Craig Floch, MD, offers a few ways to tell if you’re ready for weight loss surgery.
Luckily, the National Institutes of Health (NIH) has already started the calculation.
The most common gauge to determine eligibility for bariatric surgery is body mass index (BMI), a figure determined by comparing body mass to height. Higher weight equals higher BMI.
Recent changes to guidelines set by the NIH have made bariatric surgery available to more candidates, by:
- Lowering the minimum BMI for people with no medical problems from 40 to 35
- Lowering the BMI for people with medical problems from 35 to 30
However, as Dr. Floch explains, people with lower BMI can be considered surgical candidates if they have co-occurring health issues like diabetes, high blood pressure or sleep apnea.
> Related: You May Be Eligible for Weight Loss Surgery Based on New Guidelines
Worried about your age?
Don’t be. According to Dr. Floch, there is no strict rule about patient age.
“We see adults only, but there is no upper age limit. It’s at the discretion of the doctor and patient,” he notes.
Ready for weight loss surgery
But BMI isn’t the only factor to consider – patients need to be emotionally and physically ready for surgery, too.
“There are several steps. This is not a quick fix and the rules vary by insurance company,” Dr. Floch says.
Questions he and other providers ask potential patients include:
- Have you tried other forms of weight loss, either diets, exercise or medication?

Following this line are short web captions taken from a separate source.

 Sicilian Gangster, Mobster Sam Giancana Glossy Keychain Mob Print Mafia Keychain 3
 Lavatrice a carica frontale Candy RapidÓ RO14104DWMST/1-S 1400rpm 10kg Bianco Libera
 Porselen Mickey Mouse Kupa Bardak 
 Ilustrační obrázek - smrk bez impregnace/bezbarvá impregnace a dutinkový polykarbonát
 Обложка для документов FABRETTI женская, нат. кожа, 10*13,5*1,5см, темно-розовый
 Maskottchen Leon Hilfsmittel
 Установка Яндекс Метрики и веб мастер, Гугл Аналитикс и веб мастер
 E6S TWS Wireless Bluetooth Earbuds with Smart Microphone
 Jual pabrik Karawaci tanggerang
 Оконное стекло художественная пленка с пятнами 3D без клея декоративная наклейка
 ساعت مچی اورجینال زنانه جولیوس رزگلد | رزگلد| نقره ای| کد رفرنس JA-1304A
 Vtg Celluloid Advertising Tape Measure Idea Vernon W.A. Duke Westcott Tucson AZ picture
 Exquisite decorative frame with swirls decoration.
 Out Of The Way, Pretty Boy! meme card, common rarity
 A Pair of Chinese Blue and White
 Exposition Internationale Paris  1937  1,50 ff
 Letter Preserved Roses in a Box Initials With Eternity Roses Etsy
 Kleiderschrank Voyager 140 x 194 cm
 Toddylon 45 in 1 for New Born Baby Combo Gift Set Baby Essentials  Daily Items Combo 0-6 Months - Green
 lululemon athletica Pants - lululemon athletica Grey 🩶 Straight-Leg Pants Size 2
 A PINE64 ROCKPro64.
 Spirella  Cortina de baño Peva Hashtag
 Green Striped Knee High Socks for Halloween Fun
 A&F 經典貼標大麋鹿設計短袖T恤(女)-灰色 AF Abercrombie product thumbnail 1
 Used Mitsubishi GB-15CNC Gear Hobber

What have you tried?
- Have you lost weight and regained it – and maybe more?
- Are you prepared to take steps necessary to ensure the weight stays off after surgery? This includes working with a nutritionist or exercise physiologist to develop healthy habits to make weight loss long-term.
- Will you commit to taking daily vitamin supplements for the rest of your life? The surgery impacts the body’s ability to absorb necessary vitamins and minerals from food.
The general size of Americans has been increasing for years, with about 9 million qualifying for weight loss surgery or medical weight loss, Dr. Floch notes. Only about 220,000 will have surgery this year.
“Despite how hard we’re trying to control obesity, the numbers continue to rise each year,” he says.